* [What to work on]: From the entries that follow, copy each line in which "Costume" appears.

* [Data for processing]:
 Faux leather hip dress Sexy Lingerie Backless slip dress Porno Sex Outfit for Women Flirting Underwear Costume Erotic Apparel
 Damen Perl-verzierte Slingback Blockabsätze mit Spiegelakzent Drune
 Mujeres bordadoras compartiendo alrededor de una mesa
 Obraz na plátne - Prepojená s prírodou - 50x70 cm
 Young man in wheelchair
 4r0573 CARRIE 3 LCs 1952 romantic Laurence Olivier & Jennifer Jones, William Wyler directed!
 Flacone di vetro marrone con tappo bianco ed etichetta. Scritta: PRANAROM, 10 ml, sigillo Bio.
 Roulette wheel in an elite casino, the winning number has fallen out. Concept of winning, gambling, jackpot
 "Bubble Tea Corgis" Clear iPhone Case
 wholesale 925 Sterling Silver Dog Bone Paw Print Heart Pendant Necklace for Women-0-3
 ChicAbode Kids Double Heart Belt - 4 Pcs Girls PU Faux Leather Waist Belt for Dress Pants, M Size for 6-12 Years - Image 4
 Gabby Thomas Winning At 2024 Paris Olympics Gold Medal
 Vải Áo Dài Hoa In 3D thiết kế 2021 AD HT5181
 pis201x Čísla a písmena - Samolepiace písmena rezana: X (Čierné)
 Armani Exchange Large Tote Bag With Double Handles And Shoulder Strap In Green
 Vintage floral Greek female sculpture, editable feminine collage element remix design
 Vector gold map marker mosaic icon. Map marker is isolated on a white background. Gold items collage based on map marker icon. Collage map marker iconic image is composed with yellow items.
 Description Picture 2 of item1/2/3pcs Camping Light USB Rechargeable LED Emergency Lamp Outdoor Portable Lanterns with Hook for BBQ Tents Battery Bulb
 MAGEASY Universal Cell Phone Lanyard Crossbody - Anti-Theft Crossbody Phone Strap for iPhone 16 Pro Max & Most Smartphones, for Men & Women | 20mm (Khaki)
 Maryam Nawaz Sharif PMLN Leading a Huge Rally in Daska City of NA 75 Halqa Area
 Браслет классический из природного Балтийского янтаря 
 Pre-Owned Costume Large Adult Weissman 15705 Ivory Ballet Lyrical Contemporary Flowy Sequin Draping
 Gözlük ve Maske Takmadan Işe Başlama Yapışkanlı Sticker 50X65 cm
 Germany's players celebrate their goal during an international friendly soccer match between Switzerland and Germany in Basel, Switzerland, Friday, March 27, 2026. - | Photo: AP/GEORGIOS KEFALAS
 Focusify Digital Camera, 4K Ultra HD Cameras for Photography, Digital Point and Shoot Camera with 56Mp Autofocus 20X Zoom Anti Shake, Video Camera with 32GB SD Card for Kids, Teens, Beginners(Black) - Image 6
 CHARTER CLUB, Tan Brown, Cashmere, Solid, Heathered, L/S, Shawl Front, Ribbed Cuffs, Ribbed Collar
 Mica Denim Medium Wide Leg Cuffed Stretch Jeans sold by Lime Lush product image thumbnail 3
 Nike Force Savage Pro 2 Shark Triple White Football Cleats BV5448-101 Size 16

* [Output below]:
 Faux leather hip dress Sexy Lingerie Backless slip dress Porno Sex Outfit for Women Flirting Underwear Costume Erotic Apparel
 Pre-Owned Costume Large Adult Weissman 15705 Ivory Ballet Lyrical Contemporary Flowy Sequin Draping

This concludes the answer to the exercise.